Gastroesophageal Reflux Clinical Trial
Official title:
Oesophageal Manometry and Ambulatory Reflux Monitoring Predictors of Clinical Outcomes After Anti-reflux Surgery
Gastro-oesophageal reflux disease (GORD) is a common condition, where acid from the stomach
leaks up into the oesophagus (gullet) and causes symptoms such as heartburn and an unpleasant
taste in the back of the mouth. GORD can often be controlled with self-help measures and
medication. Occasionally, surgery to correct the problem may be needed.
A laparoscopic fundoplication is a keyhole (laparoscopic) procedure which is a highly
effective treatment. Although reflux-related symptoms are absent or well controlled in over
85% of patients at 5 years after the operation, younger patients may have higher expectations
that such an operation would hopefully last decades.
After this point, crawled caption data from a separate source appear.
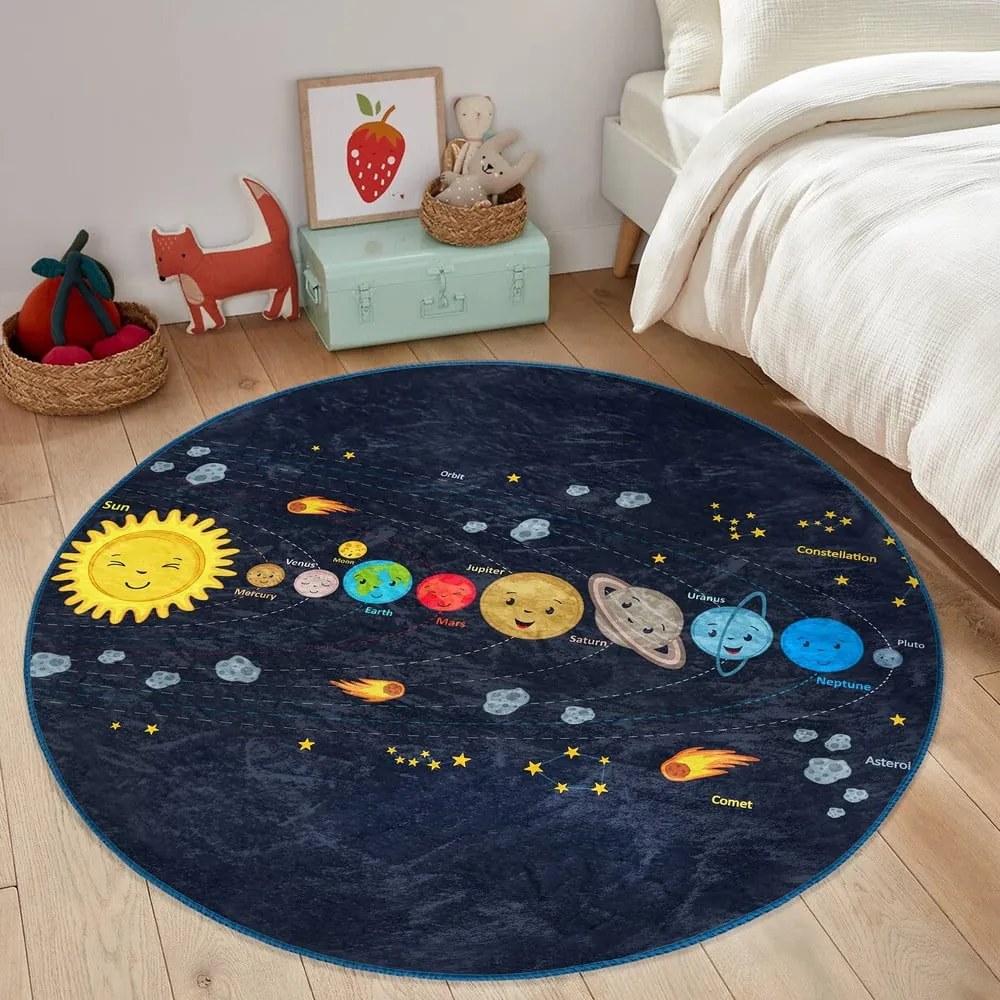 Tappeto per bambini in blu scuro ø 100 cm Comfort – Mila Home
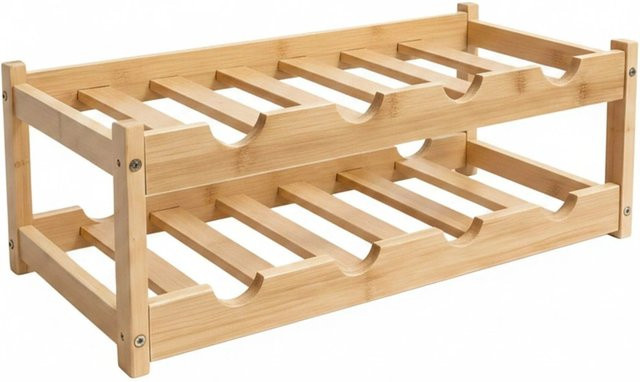 Relaxdays Weinregal aus Bambus in Natur/Beige, freistehend, B/T/H: 66,0 x 23,5 x 165,0 cm - Bild 1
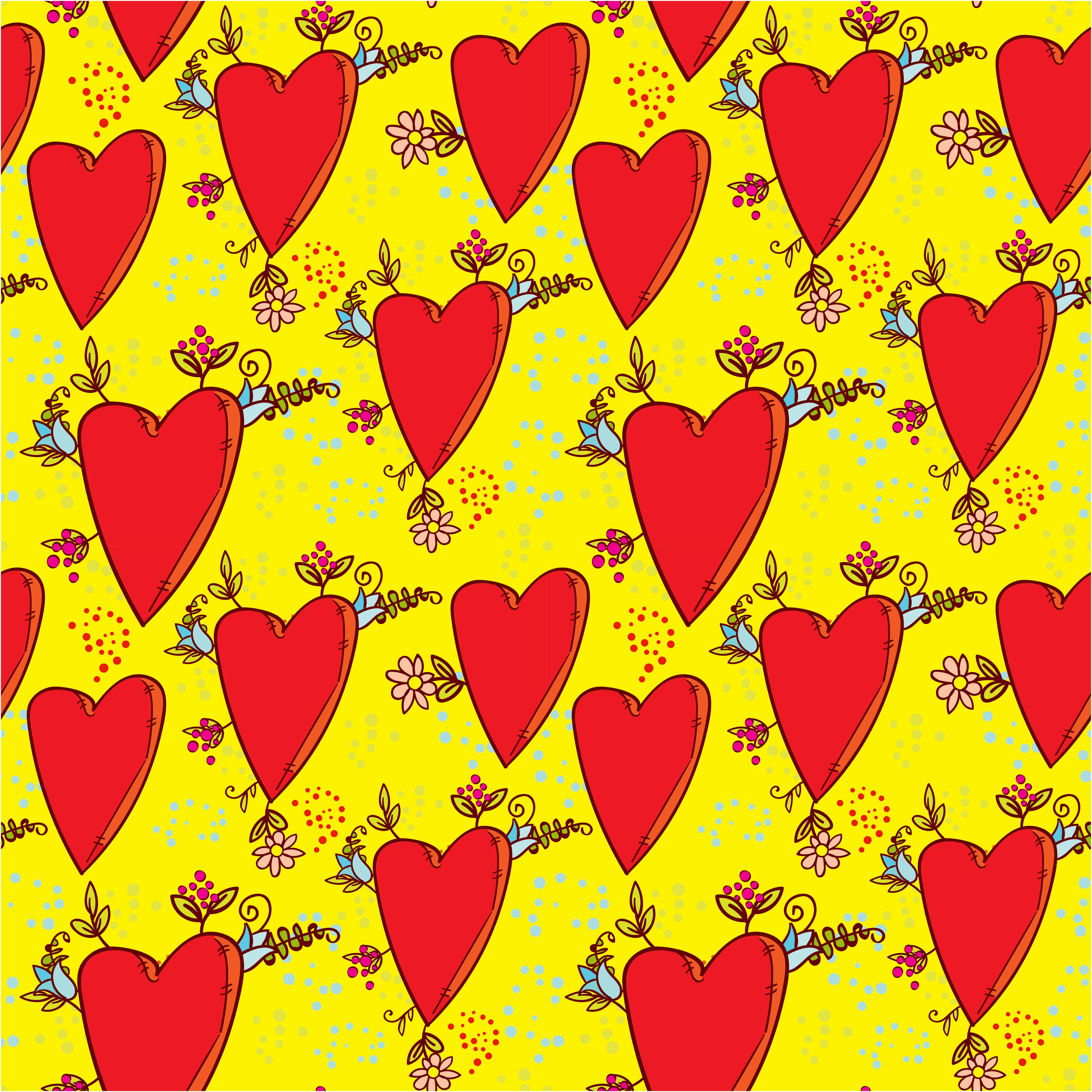 Download Seamless pattern with hearts and flowers with a doodle ...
Oesophageal physiology tests such as 24-hour catheter pH (potential of hydrogen) and
impedance involve passing a small tube into oesophagus via patients' nose to monitor the
presence of stomach content (acid or non-acid) in the oesophagus. The manometry test measures
the pressures and coordination of pressure activity within the oesophagus. Bravo™ wireless pH
monitoring uses a capsule that is attached to the oesophageal lining. These tests are often
used as part of a pre-operative evaluation before anti-reflux surgery (ARS).
Several measurements in these tests (also called parameters) could potentially anticipate
clinical outcomes following anti-reflux surgery. The evidence for parameters like duration of
acid exposure, number of reflux episodes and association with symptoms, pressures and
co-ordination of pressure activity in the oesophagus, came from studies which were not
designed in the most rigorous way to determine whether a cause-effect relation exists between
treatment and outcome.
This is a single centre, retrospective, observational study in which patients who had
pre-operative physiology testing and anti-reflux surgery at a tertiary centre in the last 10
years will be assessed for reflux symptoms and quality of life over the phone, based on three
validated questionnaires. The study is designed to evaluate correlations between oesophageal
physiology parameters and symptomatic response to ARS.
This is a single centre, retrospective, cross-sectional study on patients who had anti-reflux
surgery and pre-operative oesophageal physiology testing over 10 years. The investigators
anticipate the recruitment of up to 350 subjects over 18 months.
Eligible patients will be contacted over the phone and asked whether they would be interested
in joining the study. Candidates will be presented with details no less than the exact nature
of the study, the implications and constraints of the protocol. Subjects will be made aware
that no intervention will be made in this study, therefore taking part involves no risks or
side effects. If all questions that satisfy inclusion and exclusion criteria are answered
satisfactorily, and patients are happy to enter the study, participants will be consented
verbally over the phone. It will be stated that the participant is free to withdraw from the
study at any time for any reason without prejudice to future care, and with no obligation to
give the reason for withdrawal.
Once recruited the following assessments and interventions will take place:
1. Patients will be assessed based on the Reflux Disease Questionnaire (RDQ) which is
designed to assess the frequency and severity of heartburn, regurgitation and dyspeptic
symptoms. Response options are scaled as Likert-type with scores for and severity. RDQ
demonstrated validity and reliability in multiple languages and represents a viable
instrument for assessing symptom severity and response to treatment.
2. Patients will also be assessed based on The Reflux Symptoms Index (RSI) questionnaire
which evaluates the presence and severity of laryngopharyngeal reflux (LPR). RSI can be
completed in less than one minute. It is easily administered, highly reproducible and
demonstrated design- and criteria-based validity in multiple languages.
3. Participants will finally be evaluated based on the Gastroesophageal Reflux Disease
Health-Related Quality of Life (GORD-HRQL) questionnaire which is aimed at typical
reflux symptoms and impact on the daily living. The questionnaire can be easily given
over the phone in less than 2 minutes. GORD-HRQL has been validated and is a reliable
and practical tool in several languages.
4. Data recorded will include the standard components of pre-operative oesophageal pH
monitoring and high-resolution manometry, reflux symptoms scores, PPIs (proton pump
inhibitors) usage, post-operative physiology studies and re-do anti-reflux surgery.
5. Statistical analysis will involve multiple logistic regression and multiple linear
regression models. Sensitivity and specificity of each predictor will be measured using
the Receiver Operating Characteristic (ROC) curve analysis. A minimum of 350 patients
for 5 predictors will define our sample size.